100+ Cisco Secure Email Devices are Vulnerable to Zero-Day Exploitation -

Post Views: 31

“Around 120 Cisco Secure Email Gateways and Cisco Secure Email were exposed to Zero-Day exploitation.”

At least 120 Cisco Secure Email Gateway and Cisco Secure Email and Web Manager devices have been found by security experts to be susceptible to a serious zero-day vulnerability that hackers are actively using in the wild.

There is currently no patch available for the issue, which is listed as CVE-2025-20393, leaving companies vulnerable to possible compromise.

Shadowserver Foundation, Threat Intelligence

The susceptible devices are a portion of approximately 650 Cisco email security appliances that are fingerprinted and available online.

For businesses that depend on these systems to screen malicious emails and shield their networks from phishing scams and malware spread, the discovery raises serious issues.

Cisco’s email security infrastructure, which businesses utilize to check incoming and outgoing email traffic for threats, is the target of CVE-2025-20393.

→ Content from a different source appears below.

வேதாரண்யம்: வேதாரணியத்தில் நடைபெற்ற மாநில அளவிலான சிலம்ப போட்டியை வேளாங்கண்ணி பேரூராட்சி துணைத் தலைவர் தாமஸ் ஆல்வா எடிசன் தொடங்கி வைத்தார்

The confirmation of active exploitation shows that threat actors are already using this vulnerability to infiltrate affected systems, even though detailed technical information regarding the exploitation mechanism is still restricted to avoid broad abuse.

Cisco has acknowledged the vulnerability and issued security advice advising companies to take quick precautions.

Until a long-term solution is found, the networking behemoth advises impacted clients to examine their security settings and implement temporary mitigations. Cisco’s Security Advisory platform provides organizations with comprehensive assistance.

The incident serves as a reminder of the continuous difficulties businesses encounter with zero-day vulnerabilities, especially in crucial infrastructure elements like email gateways.

These devices handle sensitive messages and act as the main line of protection against email-borne attacks, placing them at a critical intersection in enterprise networks. Attackers may be able to install ransomware, eavesdrop on private messages, or create long-term network access if the compromise is successful.

Reviewing the alert and putting the suggested remedies into practice right away should be the top priority for security teams overseeing Cisco Secure Email Gateway and Web Manager implementations.

Additionally, companies should keep an eye out for unusual activity on their systems and think about temporarily limiting external access to these devices until patches are made available.

Interim precautions are crucial for reducing exposure to this actively exploited vulnerability because the vendor has not given a schedule for the deployment of a security fix.

About The Author

Suraj Koli is a content specialist in technical writing about cybersecurity & information security. He has written many amazing articles related to cybersecurity concepts, with the latest trends in cyber awareness and ethical hacking. Find out more about “Him.”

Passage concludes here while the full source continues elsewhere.